* Provided information

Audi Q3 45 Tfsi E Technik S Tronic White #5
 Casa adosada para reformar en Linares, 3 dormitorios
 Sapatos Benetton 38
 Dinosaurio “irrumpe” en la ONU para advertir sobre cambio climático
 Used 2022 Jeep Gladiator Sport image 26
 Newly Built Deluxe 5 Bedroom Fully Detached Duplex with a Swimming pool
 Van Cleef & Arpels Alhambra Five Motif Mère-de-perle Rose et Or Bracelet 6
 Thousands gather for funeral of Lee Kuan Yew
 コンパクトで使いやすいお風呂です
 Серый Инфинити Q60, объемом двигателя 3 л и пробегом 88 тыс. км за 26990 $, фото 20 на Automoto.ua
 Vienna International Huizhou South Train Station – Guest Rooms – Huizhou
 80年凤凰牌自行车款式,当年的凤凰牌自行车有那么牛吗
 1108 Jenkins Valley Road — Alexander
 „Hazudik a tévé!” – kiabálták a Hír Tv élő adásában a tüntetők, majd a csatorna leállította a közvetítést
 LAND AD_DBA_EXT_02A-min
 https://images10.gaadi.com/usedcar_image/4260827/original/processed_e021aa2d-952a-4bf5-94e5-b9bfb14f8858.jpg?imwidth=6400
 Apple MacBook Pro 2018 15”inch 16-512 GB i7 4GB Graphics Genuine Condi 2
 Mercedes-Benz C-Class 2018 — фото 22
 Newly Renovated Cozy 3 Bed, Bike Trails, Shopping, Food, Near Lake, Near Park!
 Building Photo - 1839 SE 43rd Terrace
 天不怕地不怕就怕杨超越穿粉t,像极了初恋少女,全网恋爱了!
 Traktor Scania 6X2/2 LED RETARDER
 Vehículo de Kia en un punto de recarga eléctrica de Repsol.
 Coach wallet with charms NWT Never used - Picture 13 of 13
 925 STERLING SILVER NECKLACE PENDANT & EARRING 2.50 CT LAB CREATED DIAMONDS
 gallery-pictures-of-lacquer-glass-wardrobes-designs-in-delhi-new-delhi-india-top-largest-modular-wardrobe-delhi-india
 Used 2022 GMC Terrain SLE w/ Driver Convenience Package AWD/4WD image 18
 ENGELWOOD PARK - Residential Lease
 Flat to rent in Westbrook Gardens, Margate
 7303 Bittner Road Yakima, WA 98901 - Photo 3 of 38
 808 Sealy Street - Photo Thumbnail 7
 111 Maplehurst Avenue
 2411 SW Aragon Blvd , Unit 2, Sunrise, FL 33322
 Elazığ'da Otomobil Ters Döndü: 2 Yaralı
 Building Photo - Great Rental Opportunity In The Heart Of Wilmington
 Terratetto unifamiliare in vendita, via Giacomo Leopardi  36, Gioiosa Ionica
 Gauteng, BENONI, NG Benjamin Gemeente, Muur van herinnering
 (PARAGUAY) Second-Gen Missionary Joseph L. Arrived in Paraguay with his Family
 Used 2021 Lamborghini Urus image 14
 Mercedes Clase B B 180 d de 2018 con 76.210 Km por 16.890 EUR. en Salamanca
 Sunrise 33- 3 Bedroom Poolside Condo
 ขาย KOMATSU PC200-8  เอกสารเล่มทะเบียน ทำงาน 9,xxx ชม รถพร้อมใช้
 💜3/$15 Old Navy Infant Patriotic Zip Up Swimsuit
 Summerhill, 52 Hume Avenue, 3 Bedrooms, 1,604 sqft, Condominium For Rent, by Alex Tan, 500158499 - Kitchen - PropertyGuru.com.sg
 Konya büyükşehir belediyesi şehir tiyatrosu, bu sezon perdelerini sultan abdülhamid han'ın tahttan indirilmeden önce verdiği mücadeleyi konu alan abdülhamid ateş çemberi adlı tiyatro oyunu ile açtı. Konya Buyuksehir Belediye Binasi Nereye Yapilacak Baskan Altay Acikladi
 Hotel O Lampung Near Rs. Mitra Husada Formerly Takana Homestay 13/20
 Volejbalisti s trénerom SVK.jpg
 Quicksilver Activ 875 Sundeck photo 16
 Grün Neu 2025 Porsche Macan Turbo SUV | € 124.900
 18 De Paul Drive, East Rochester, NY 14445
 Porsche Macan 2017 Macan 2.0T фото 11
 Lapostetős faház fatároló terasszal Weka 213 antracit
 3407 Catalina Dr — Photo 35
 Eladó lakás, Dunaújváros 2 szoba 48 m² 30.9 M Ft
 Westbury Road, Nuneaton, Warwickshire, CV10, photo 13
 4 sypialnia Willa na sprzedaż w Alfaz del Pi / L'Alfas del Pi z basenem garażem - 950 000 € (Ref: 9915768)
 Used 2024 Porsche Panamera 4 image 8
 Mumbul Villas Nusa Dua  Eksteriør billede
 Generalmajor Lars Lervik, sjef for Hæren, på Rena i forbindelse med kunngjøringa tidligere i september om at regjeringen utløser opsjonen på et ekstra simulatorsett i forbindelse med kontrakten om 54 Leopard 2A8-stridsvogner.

* Action item
Please output the lines of the listing above that fall in the stretch from the one with "Used 2022 GMC" through the one with "Building Photo - Great", exactly and only those.

* Output below
 Used 2022 GMC Terrain SLE w/ Driver Convenience Package AWD/4WD image 18
 ENGELWOOD PARK - Residential Lease
 Flat to rent in Westbrook Gardens, Margate
 7303 Bittner Road Yakima, WA 98901 - Photo 3 of 38
 808 Sealy Street - Photo Thumbnail 7
 111 Maplehurst Avenue
 2411 SW Aragon Blvd , Unit 2, Sunrise, FL 33322
 Elazığ'da Otomobil Ters Döndü: 2 Yaralı
 Building Photo - Great Rental Opportunity In The Heart Of Wilmington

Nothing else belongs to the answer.